◆ **What you will do**
Only one stretch of the data below is needed. Output the lines from the one with "Just a Cowboy's" up to and including the one with "Top 10 Indian Web Series On Netflix", exactly as they stand.

◆ **Exercise materials**
..........

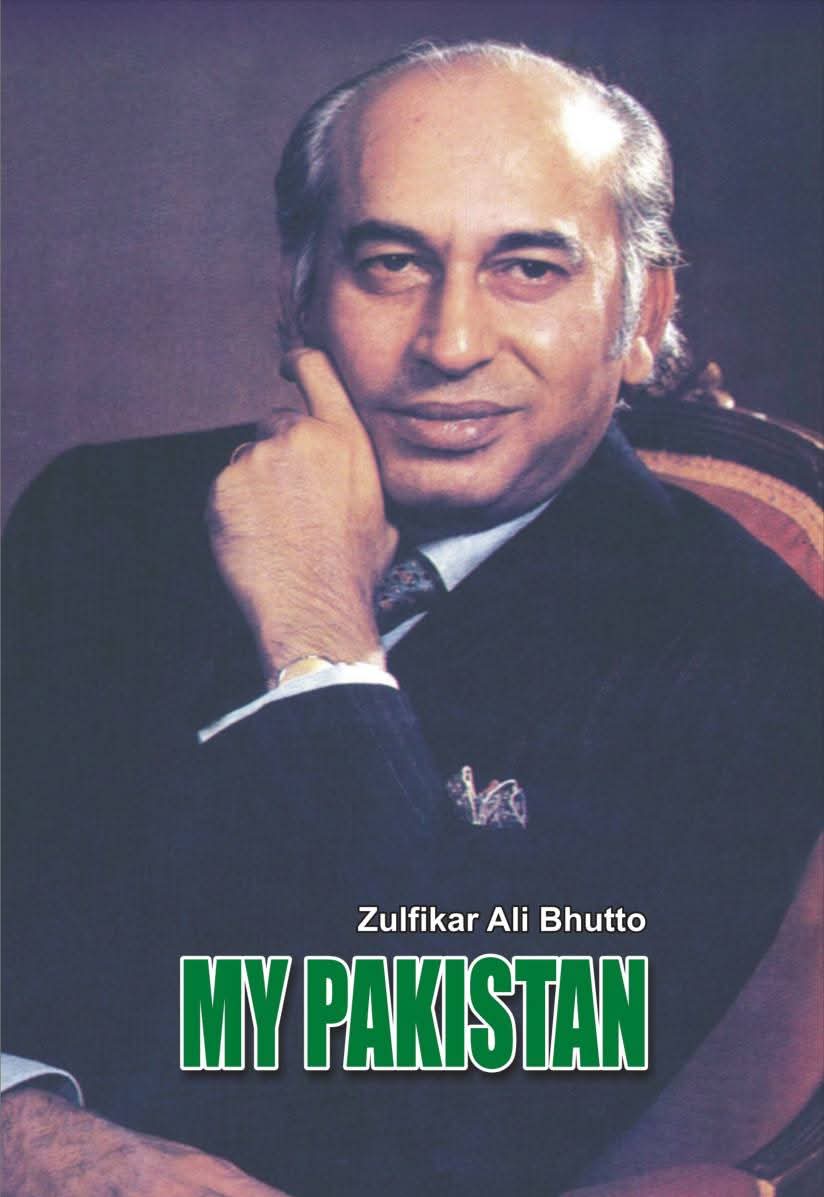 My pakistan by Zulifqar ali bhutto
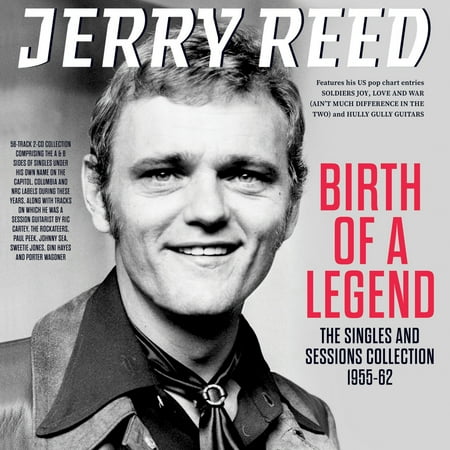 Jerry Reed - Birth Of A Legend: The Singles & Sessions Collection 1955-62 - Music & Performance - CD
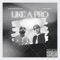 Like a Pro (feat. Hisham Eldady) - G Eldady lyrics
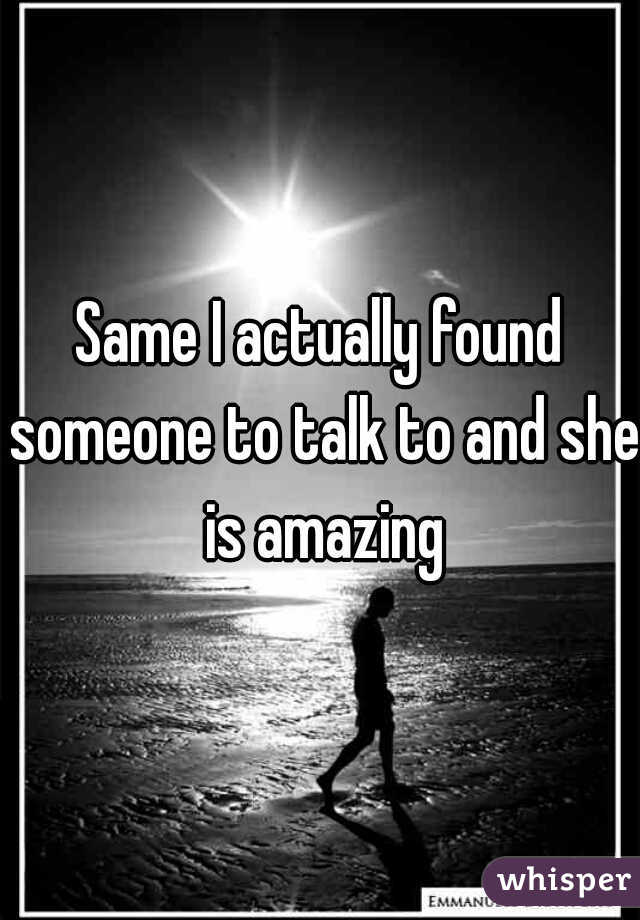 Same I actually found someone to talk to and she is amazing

..........

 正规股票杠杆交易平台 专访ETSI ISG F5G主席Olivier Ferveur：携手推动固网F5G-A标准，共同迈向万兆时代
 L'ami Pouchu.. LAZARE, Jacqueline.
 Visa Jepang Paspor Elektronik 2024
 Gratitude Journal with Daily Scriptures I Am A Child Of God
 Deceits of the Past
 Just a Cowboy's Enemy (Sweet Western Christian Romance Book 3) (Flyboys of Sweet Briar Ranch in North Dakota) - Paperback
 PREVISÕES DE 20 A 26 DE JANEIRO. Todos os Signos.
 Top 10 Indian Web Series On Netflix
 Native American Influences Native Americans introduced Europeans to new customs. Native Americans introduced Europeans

..........

◆ **Problem solution**
 Just a Cowboy's Enemy (Sweet Western Christian Romance Book 3) (Flyboys of Sweet Briar Ranch in North Dakota) - Paperback
 PREVISÕES DE 20 A 26 DE JANEIRO. Todos os Signos.
 Top 10 Indian Web Series On Netflix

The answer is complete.